Your response should contain exactly the lines running from the one with "COVID-19: Deputy PM" to the end of the data below, both included, and no pictures.

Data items
┌──
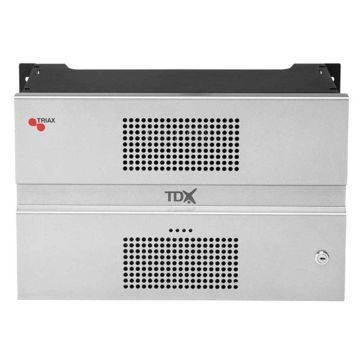 Triax TDX IPTV Headend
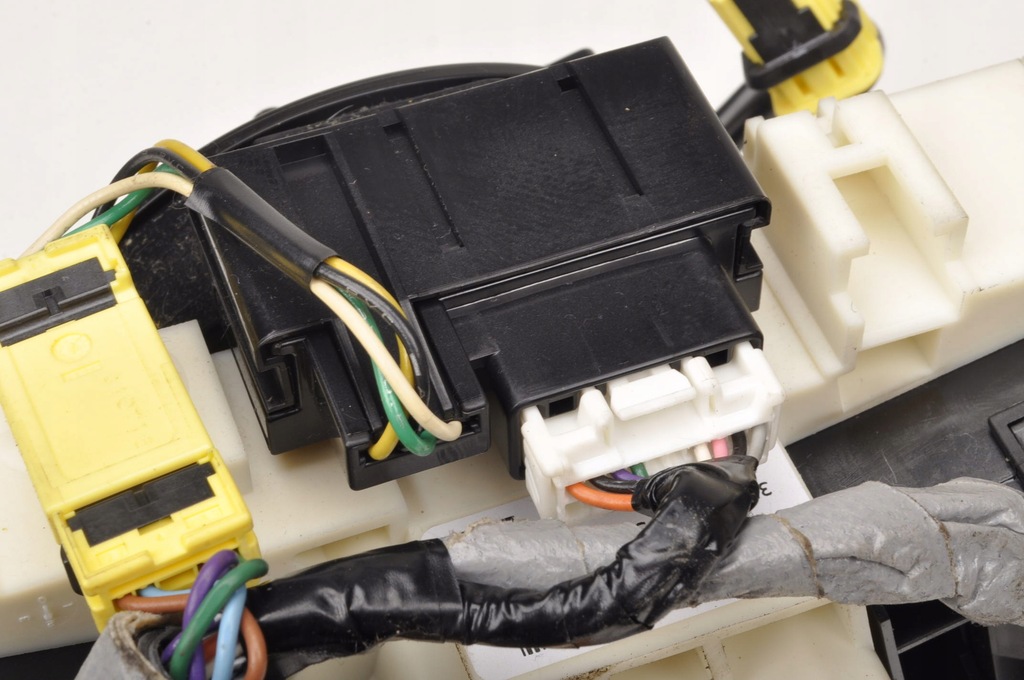 фото №9, Honda jazz iii переключатель комбинированный 35250-swa-s311-m1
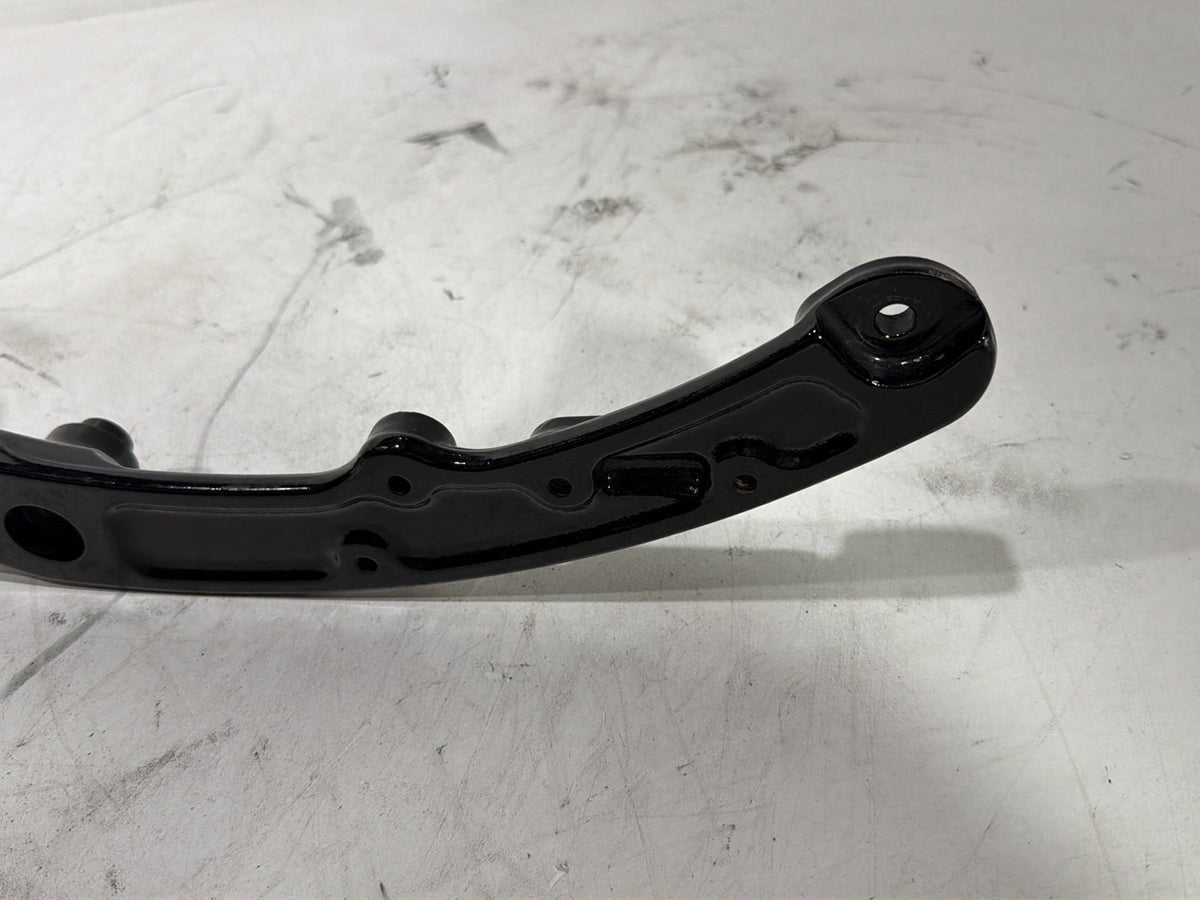 2014 Harley Electra Glide Ultra OEM Rear Sub Frame Rail Bar 48079-09BHP
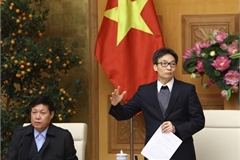 COVID-19: Deputy PM orders safety for students after returning to schools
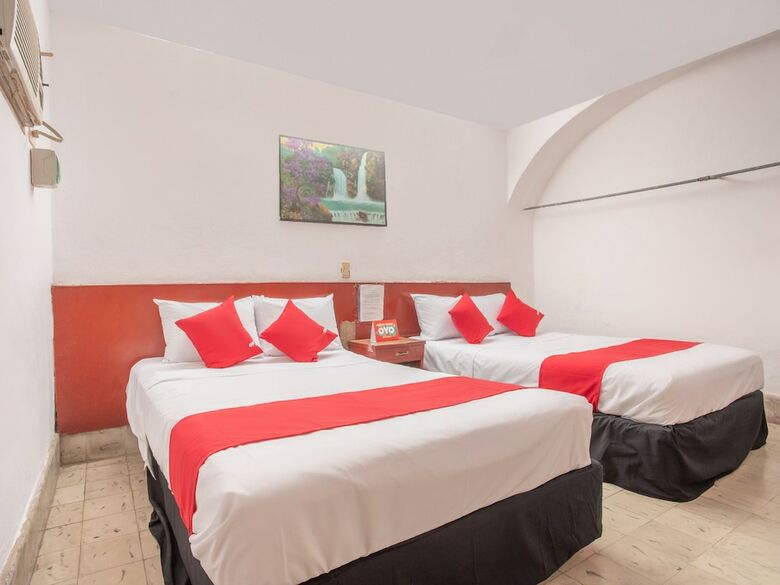 Oyo Hotel Margarita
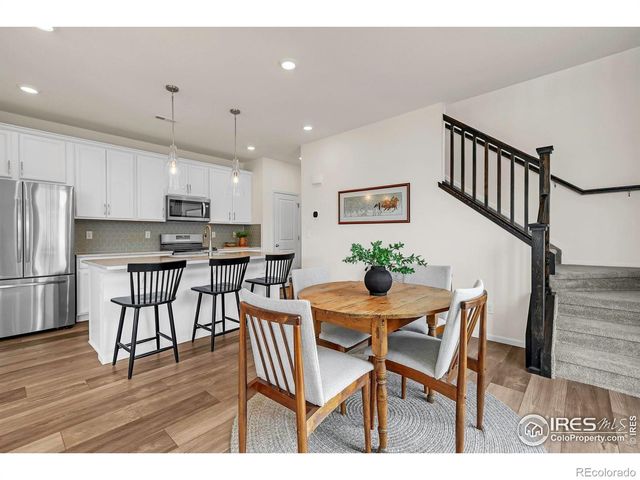 1356 Shale Drive, Erie, CO 80516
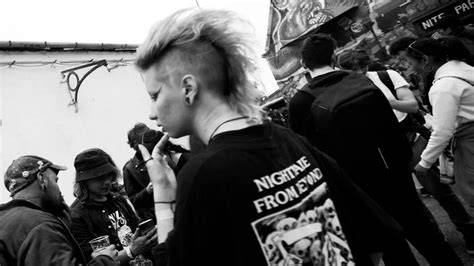 Italy punk PenalbaWeb.com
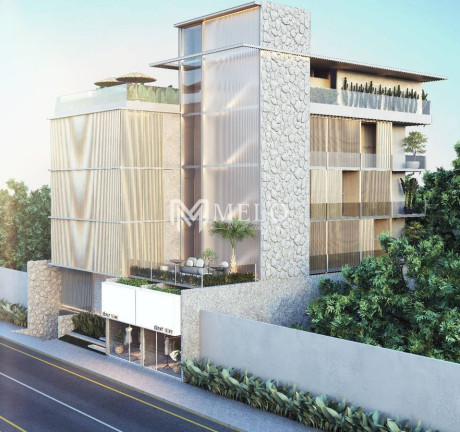 Casa com 1 Quarto à Venda, 23 m² em Ipojuca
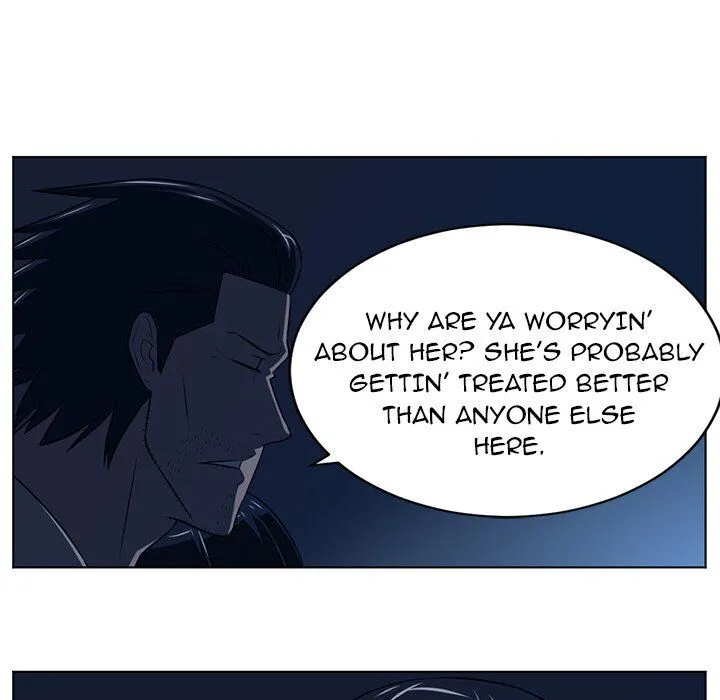 Read Happening chapter 72 image 20 on Lezhin
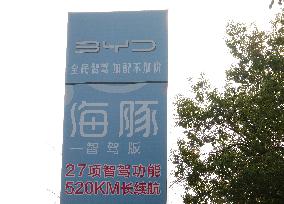 BYD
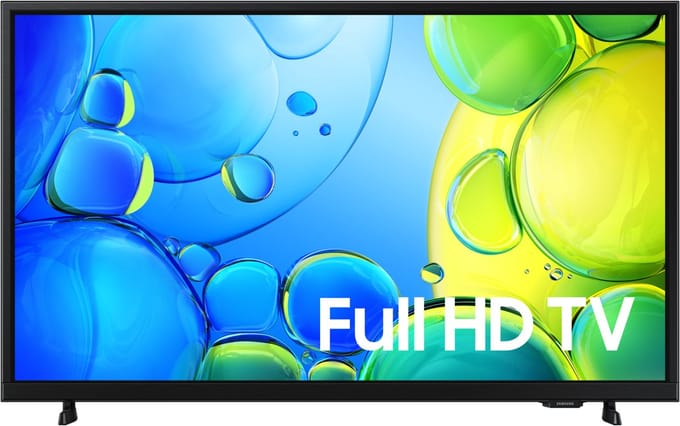 Samsung UE40F6000F - 40 inch - Full HD LED - 2025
└──
[OUTPUT BELOW]:
 COVID-19: Deputy PM orders safety for students after returning to schools
 Oyo Hotel Margarita
 1356 Shale Drive, Erie, CO 80516
 Italy punk PenalbaWeb.com
 Casa com 1 Quarto à Venda, 23 m² em Ipojuca
 Read Happening chapter 72 image 20 on Lezhin
 BYD
 Samsung UE40F6000F - 40 inch - Full HD LED - 2025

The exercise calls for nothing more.